El acto, organizado por el programa Observador Silencioso (Silent Observer) y la Unidad de Víctimas y Testigos de la Fiscalía del Condado de Kent, congregó a más de 120 personas y sirvió como un espacio de duelo, memoria y acompañamiento para decenas de familias afectadas por la violencia.
Durante la ceremonia se leyeron los nombres de más de 150 personas que perdieron la vida de manera violenta durante el año anterior, mientras una campana sonaba en señal de respeto. A la entrada de la corte se colocaron carteles con fotografías de las víctimas, además de velas, flores y mensajes de solidaridad.
Uno de los casos que resonó entre los asistentes fue el de Eulices Delarosa, de 37 años, encontrado sin vida en marzo en una zona arbolada de la ciudad de Grandville. Familiares del fallecido expresaron públicamente su dolor y su exigencia de respuestas claras sobre las circunstancias de su muerte, al considerar que existen indicios que no han sido completamente esclarecidos.
El testimonio de Andriana Ramos, madre de las hijas gemelas de Delarosa, conmovió a los presentes al describir el impacto permanente de la pérdida en las niñas, quienes diariamente recuerdan a su padre y buscan consuelo en objetos con su imagen.
La vigilia también dio voz a familias que han cargado con el dolor durante años. Rebecca Dunn, madre de Anthony Dunn, asesinado en 2021, describió el evento como “desgarrador”, señalando que el duelo permanece intacto con el paso del tiempo.
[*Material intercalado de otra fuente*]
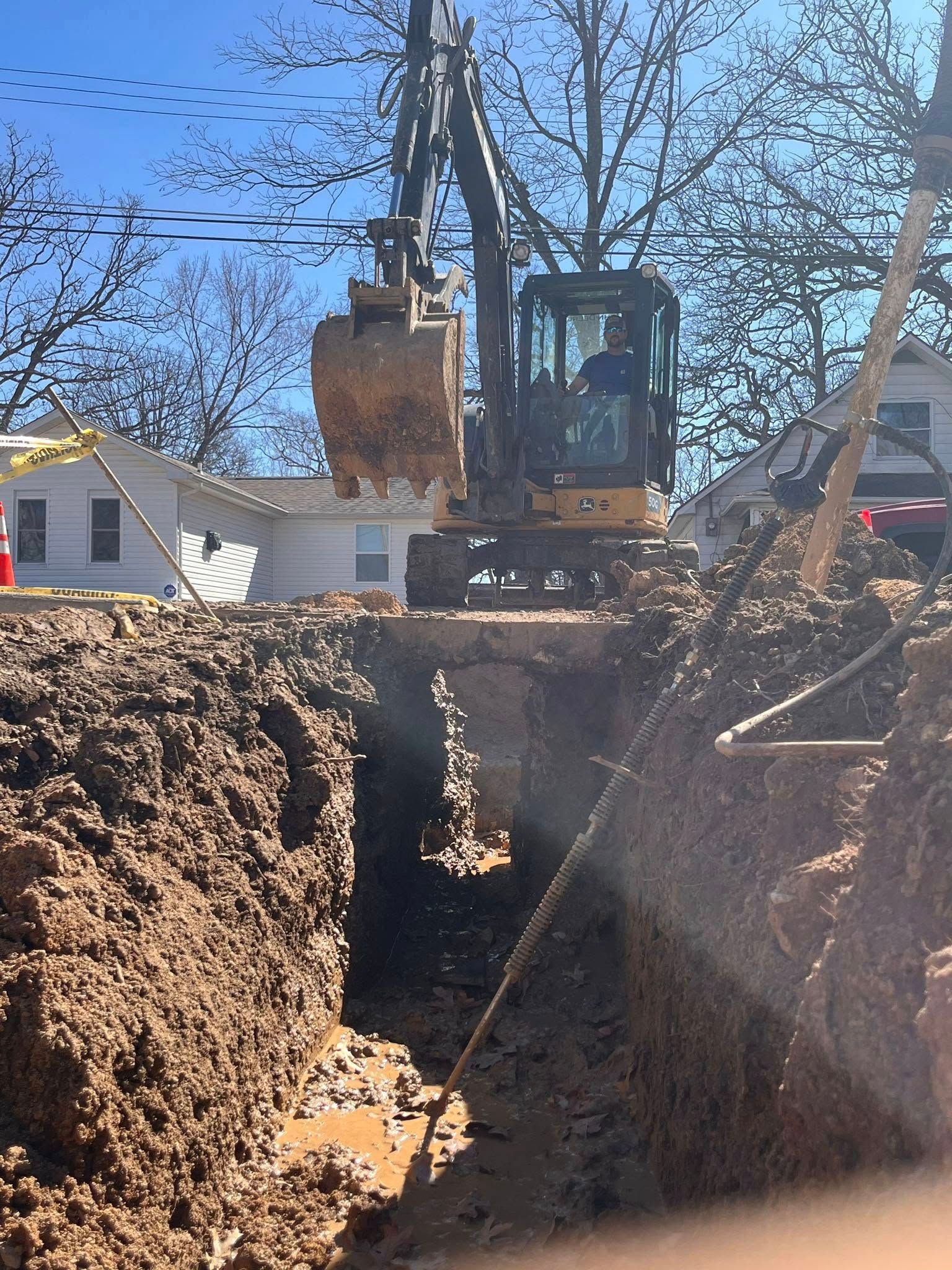 Woman in straw hat smiles, holding wine glass near a lake.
Su hija, Nevaeh Simmons, cuestionó la severidad de las sentencias judiciales en casos de homicidio y pidió mayor empatía por parte de las instituciones hacia las familias de las víctimas.
Autoridades del Departamento de Policía de Grand Rapids y de la Oficina del Alguacil del Condado de Kent participaron en el acto, reiterando el compromiso de continuar investigando los crímenes sin resolver y de fortalecer la relación con la comunidad.
La vigilia se consolidó como uno de los momentos más representativos de 2025 en Grand Rapids, al reflejar el impacto humano de la violencia y el llamado colectivo a la justicia, la memoria y la paz.